━━━ Records for the task ━━━

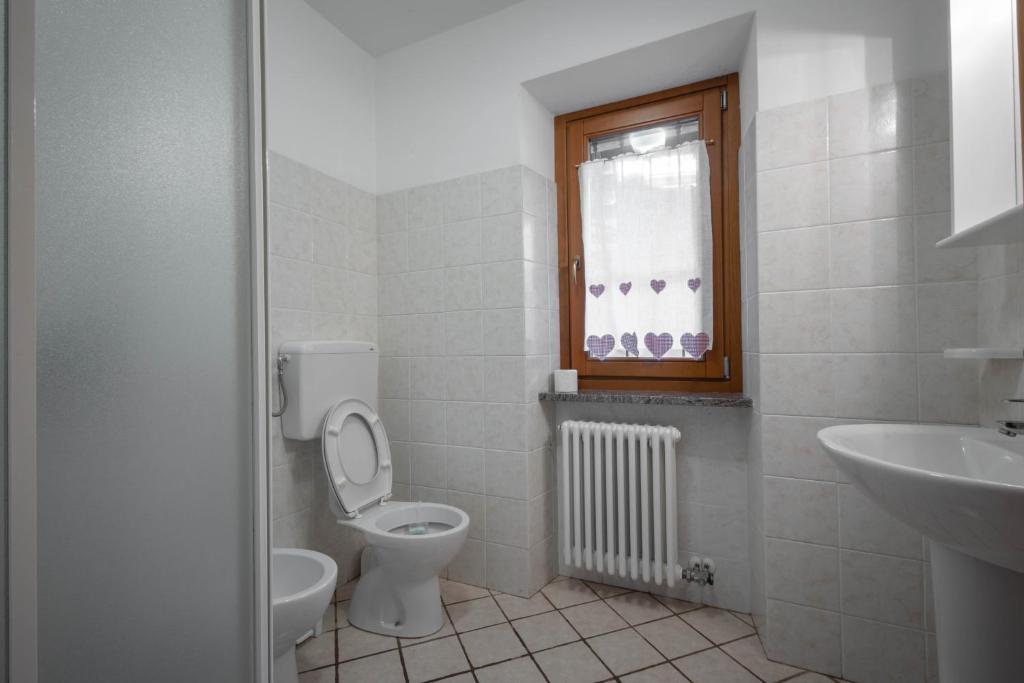Łazienka w obiekcie Le Vieux Noyer - Appartamenti al Verde villaggio di Rumiod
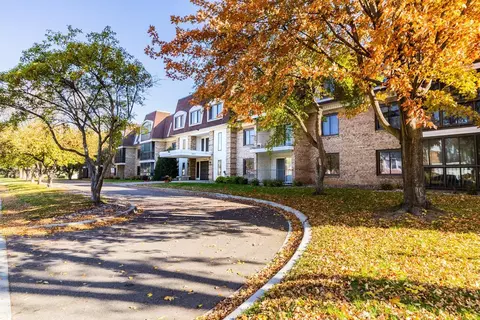 1450 Bidwell St #204, West Saint Paul, MN 55118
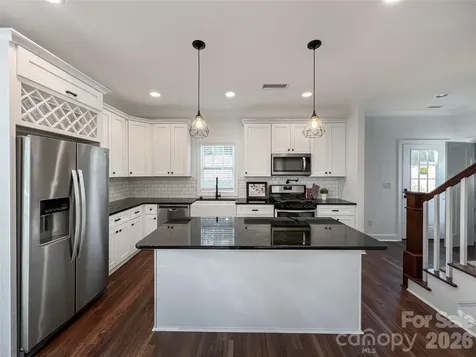 8514 Sharonbrook Drive Charlotte NC 28210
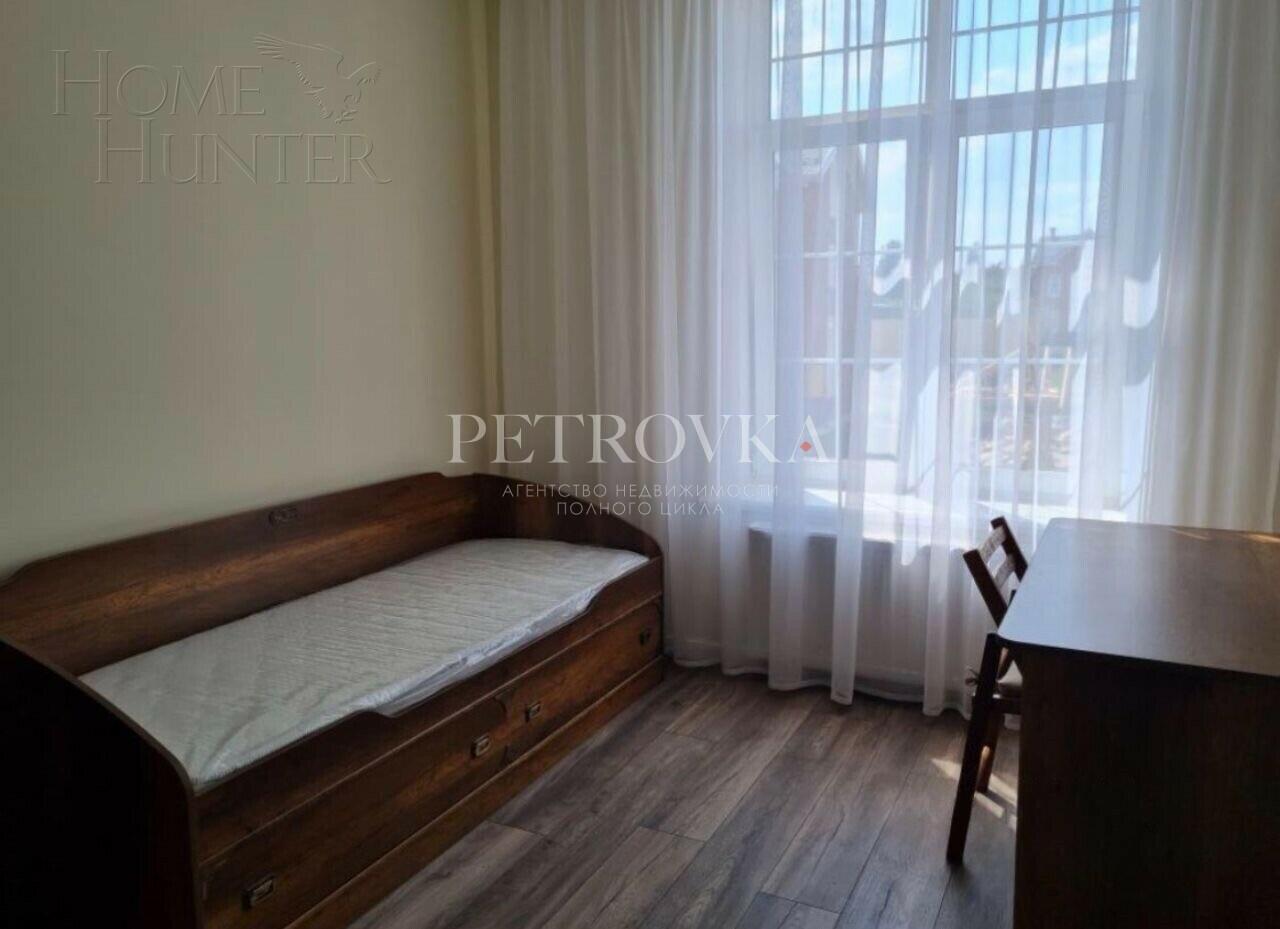 3-этажный таунхаус 120 м² с отделкой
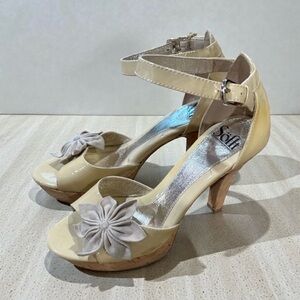 Sofft Womens St Germain Beige Sandal Heels Size 7.5 Cork 1" Platform 3.5" Flower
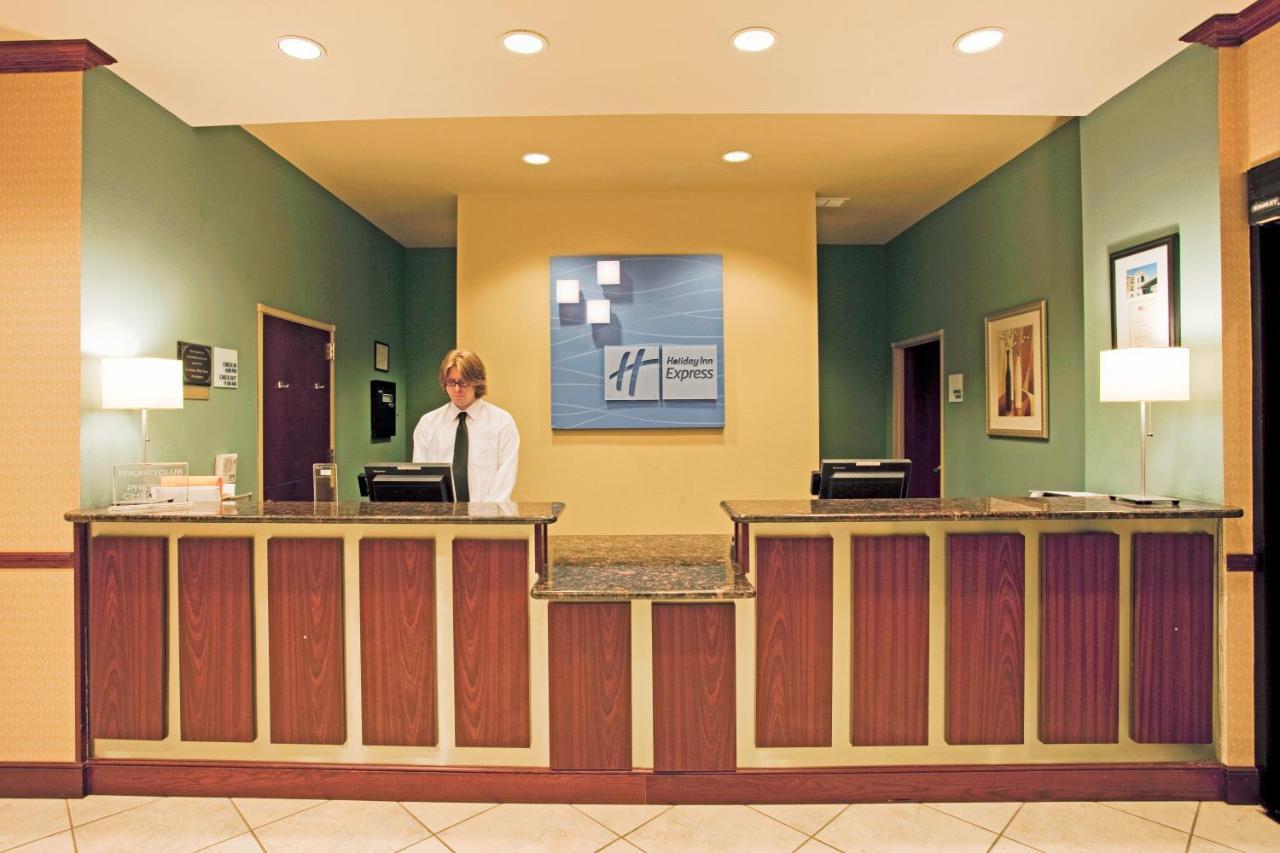 Holiday Inn Express Hotel & Suites Amarillo South By Ihg Екстер'єр фото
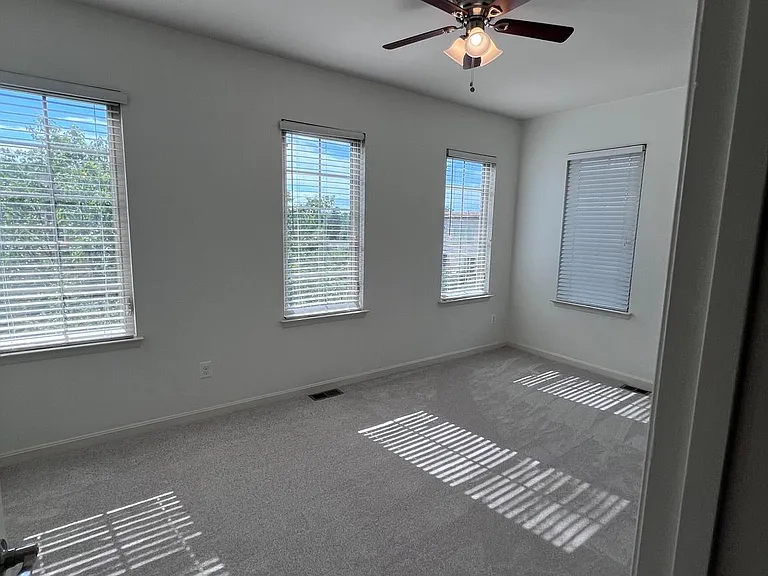 22806 Breezy Hollow Dr — Photo 17
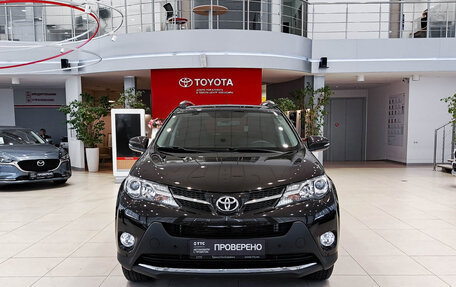 Toyota RAV4, 2014 год, 2 419 000 рублей, 2 фотография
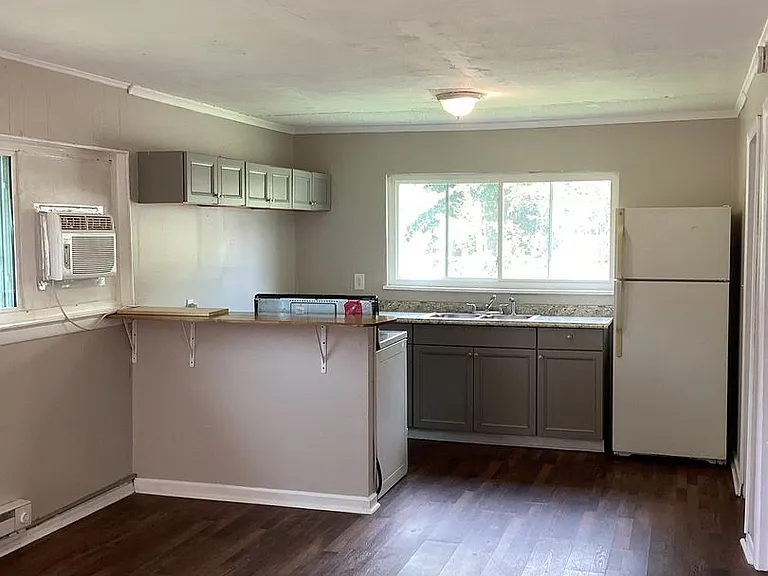 5540 Clemons Rd — Photo 6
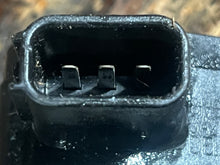 Load image into Gallery viewer, 135 - 350 hp Mercury Verado IGNITION COIL 8M0039809 four stroke 339-880615T01
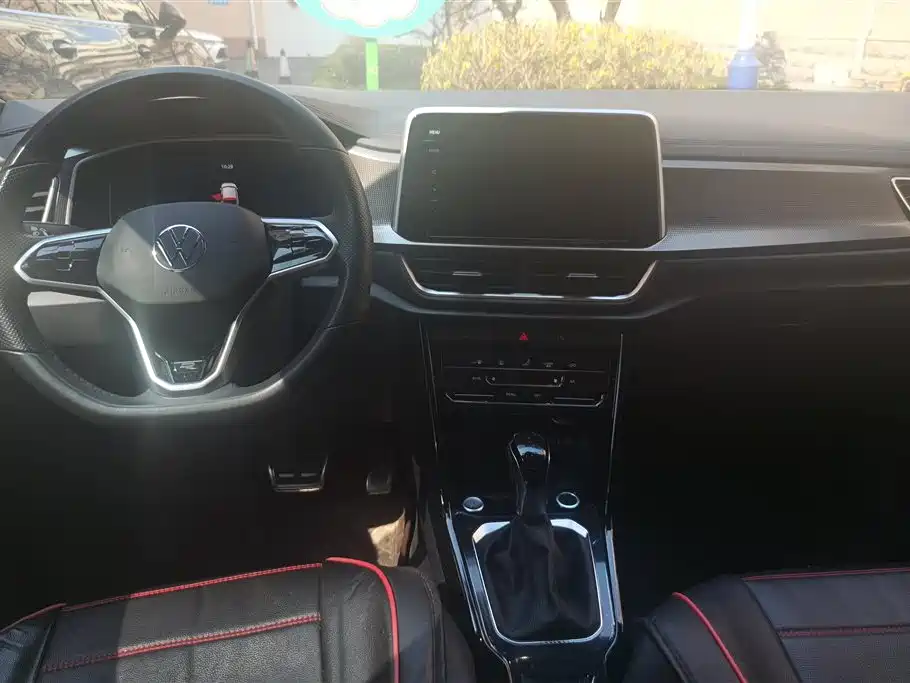 VOLKSWAGEN T ROC EXPLORING SONGS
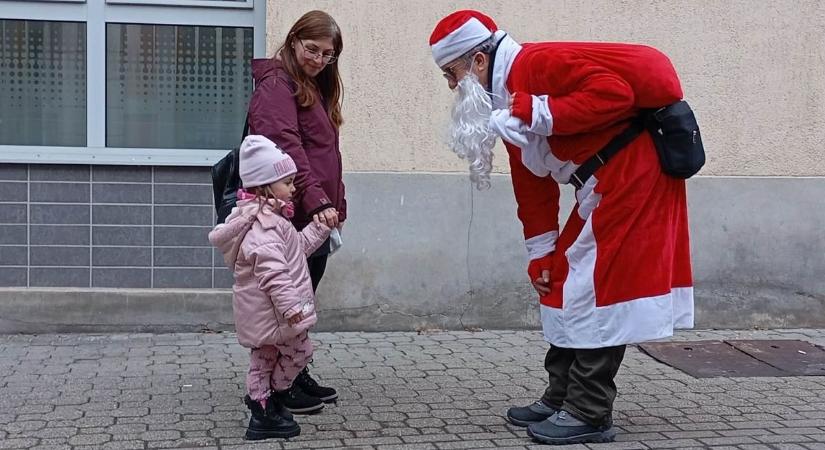 Szaloncukrot osztott, mosolyt csalt a gyerekek arcára a Mikulás Pápán (galéria  videó)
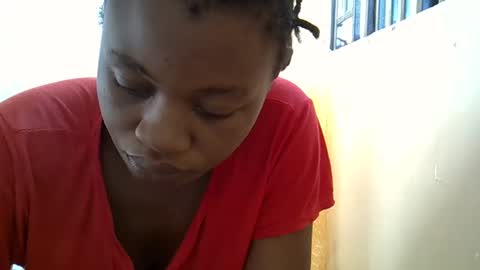 cute_savanna online show from December 5, 4:53 am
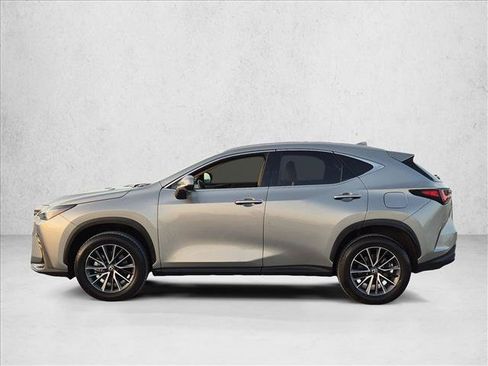 Used 2025 Lexus NX 250 FWD image 9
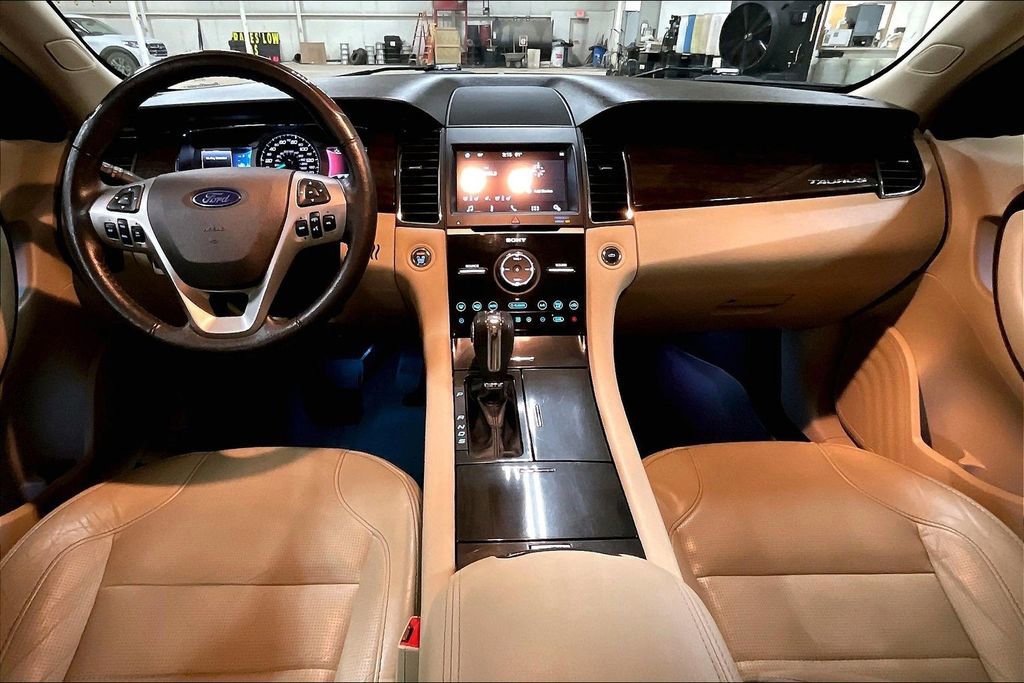 Certified 2017 Ford Taurus Limited image 14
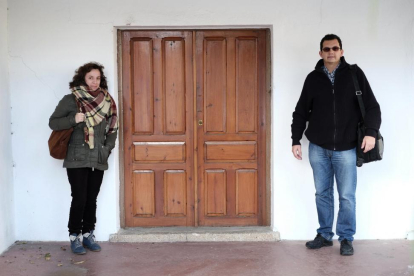 Isi González e Iván Vicente son los creadores de cinco mecanismos que evitan la entrada de agua en los inmuebles cuando se producen inundaciones.-ENRIQUE CARRASCAL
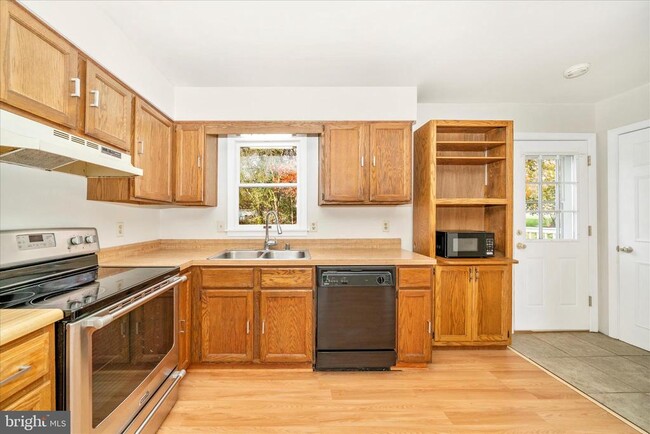 Building Photo - 180 Wicomico Dr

━━━

### The task
What is needed is an exact copy of only the lines above from the one with "3-этажный таунхаус 120 м² с отделкой" to the one with "Szaloncukrot osztott, mosolyt", both kept, with every picture left out.

### Response area
 3-этажный таунхаус 120 м² с отделкой
 Sofft Womens St Germain Beige Sandal Heels Size 7.5 Cork 1" Platform 3.5" Flower
 Holiday Inn Express Hotel & Suites Amarillo South By Ihg Екстер'єр фото
 22806 Breezy Hollow Dr — Photo 17
 Toyota RAV4, 2014 год, 2 419 000 рублей, 2 фотография
 5540 Clemons Rd — Photo 6
 Load image into Gallery viewer, 135 - 350 hp Mercury Verado IGNITION COIL 8M0039809 four stroke 339-880615T01
 VOLKSWAGEN T ROC EXPLORING SONGS
 Szaloncukrot osztott, mosolyt csalt a gyerekek arcára a Mikulás Pápán (galéria  videó)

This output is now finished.